Dreissigacker, C., Sharma, R., Messenger, C., & Prix, R. (2019). Deep-Learning Continuous Gravitational Waves. Physical Review D, 100 (4): 044009. doi:10.1103/PhysRevD.100.044009.


Cite as: https://hdl.handle.net/21.11116/0000-0003-8BB9-0
Abstract
We present a first proof-of-principle study for using deep neural networks
(DNNs) as a novel search method for continuous gravitational waves (CWs) from
unknown spinning neutron stars. The sensitivity of current wide-parameter-space
CW searches is limited by the available computing power, which makes neural
networks an interesting alternative to investigate, as they are extremely fast
once trained and have recently been shown to rival the sensitivity of matched
filtering for black-hole merger signals. We train a convolutional neural
network with residual (short-cut) connections and compare its detection power
to that of a fully-coherent matched-filtering search using the WEAVE pipeline.
As test benchmarks we consider two types of all-sky searches over the frequency
range from $20\,\mathrm{Hz}$ to $1000\,\mathrm{Hz}$: an `easy' search using
$T=10^5\,\mathrm{s}$ of data, and a `harder' search using $T=10^6\,\mathrm{s}$.

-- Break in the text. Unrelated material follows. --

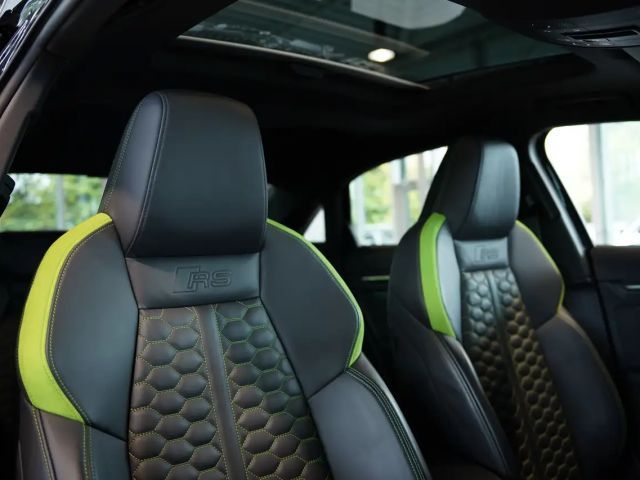 Audi RS3 Quattro Sedan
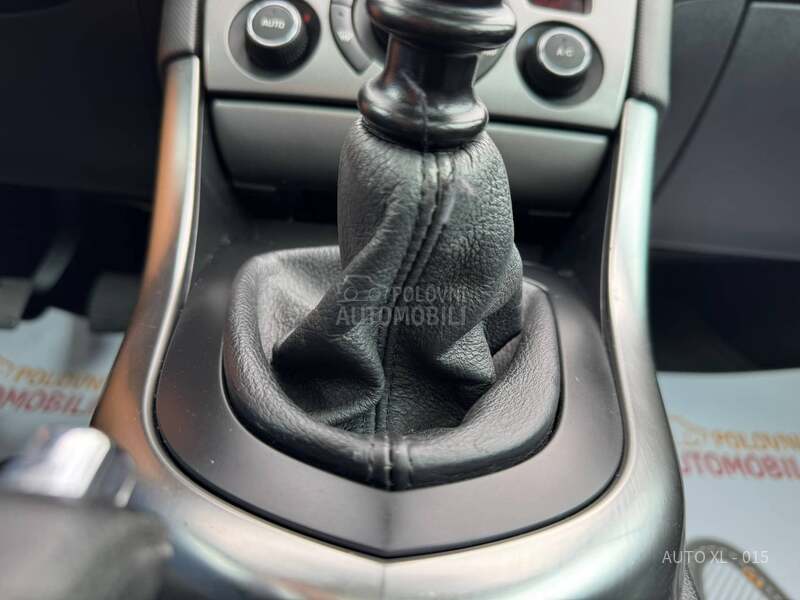 Peugeot 308 2.0 HDI // ALLURE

Detection probability $p_\mathrm{det}$ is measured on a signal population for
which matched filtering achieves $p_\mathrm{det}=90\%$ in Gaussian noise. In
the easiest test case ($T=10^5\,\mathrm{s}$ at $20\,\mathrm{Hz}$) the DNN
achieves $p_\mathrm{det}\sim88\%$, corresponding to a loss in sensitivity depth
of $\sim5\%$ versus coherent matched filtering. However, at higher-frequencies
and longer observation time the DNN detection power decreases, until
$p_\mathrm{det}\sim13\%$ and a loss of $\sim 66\%$ in sensitivity depth in the
hardest case ($T=10^6\,\mathrm{s}$ at $1000\,\mathrm{Hz}$). We study the DNN
generalization ability by testing on signals of different frequencies,
spindowns and signal strengths than they were trained on. We observe excellent
generalization: only five networks, each trained at a different frequency,
would be able to cover the whole frequency range of the search.